* Information
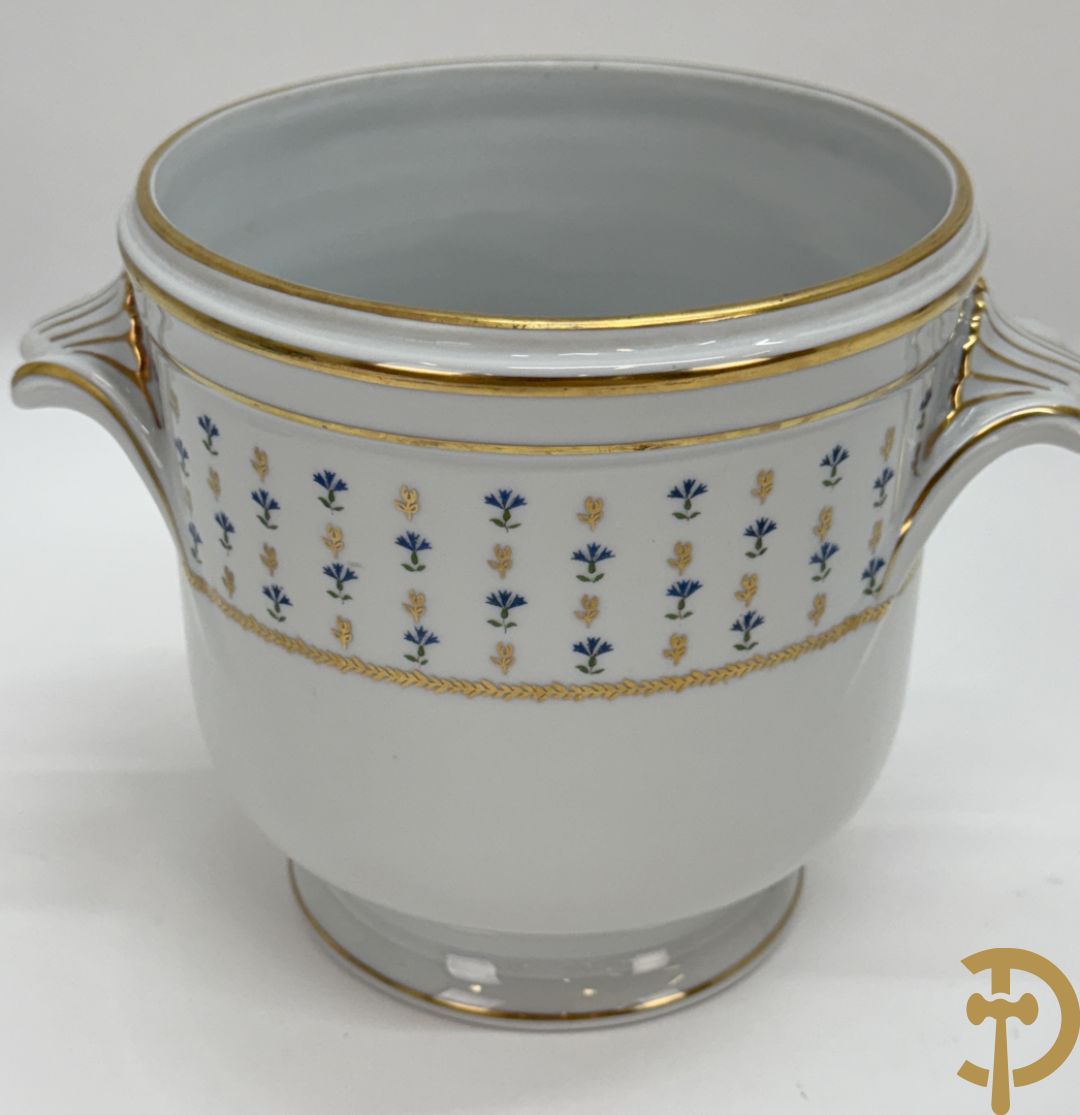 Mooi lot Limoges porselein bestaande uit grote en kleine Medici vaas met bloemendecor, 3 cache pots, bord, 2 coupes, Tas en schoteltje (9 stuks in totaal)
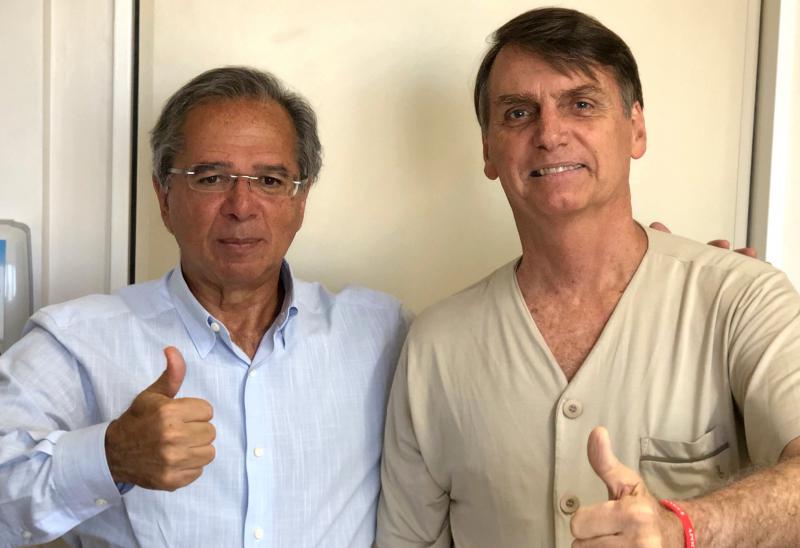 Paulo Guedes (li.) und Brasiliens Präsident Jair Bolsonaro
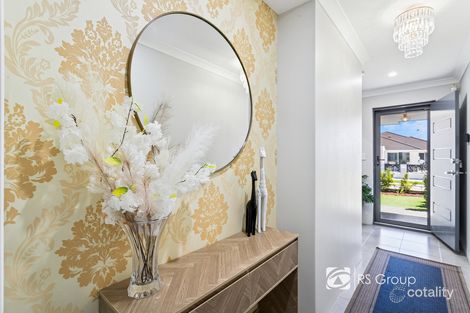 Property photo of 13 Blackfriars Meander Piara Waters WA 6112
--
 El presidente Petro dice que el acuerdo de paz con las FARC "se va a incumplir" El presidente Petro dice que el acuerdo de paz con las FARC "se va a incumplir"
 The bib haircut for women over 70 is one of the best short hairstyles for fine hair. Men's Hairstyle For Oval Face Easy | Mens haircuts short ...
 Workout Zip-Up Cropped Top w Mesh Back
---
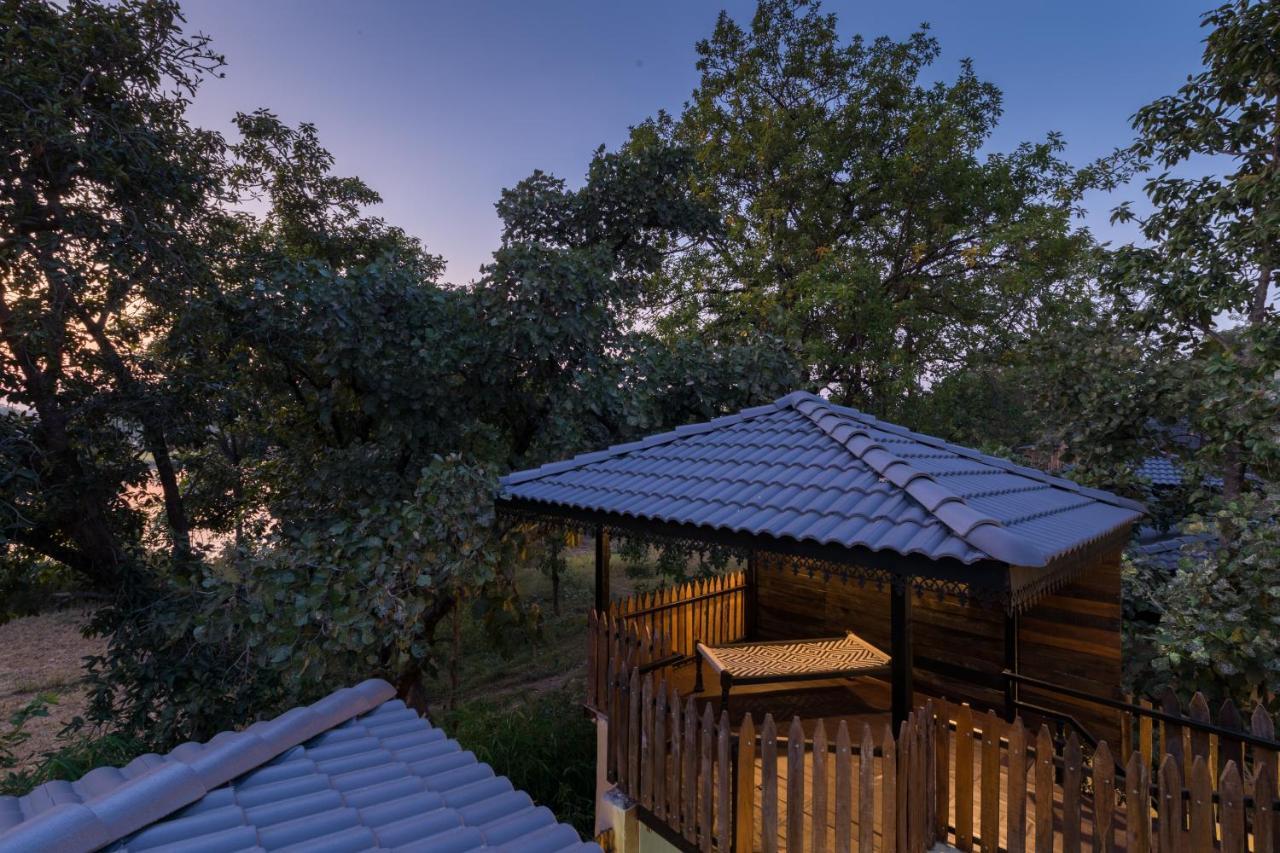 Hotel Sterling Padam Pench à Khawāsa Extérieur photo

* Exercise instructions
Reproduce the lines above starting at the one with "Mooi lot Limoges" and ending at the one with "Property photo of", both included, exactly and with no pictures.

* Task response
 Mooi lot Limoges porselein bestaande uit grote en kleine Medici vaas met bloemendecor, 3 cache pots, bord, 2 coupes, Tas en schoteltje (9 stuks in totaal)
 Paulo Guedes (li.) und Brasiliens Präsident Jair Bolsonaro
 Property photo of 13 Blackfriars Meander Piara Waters WA 6112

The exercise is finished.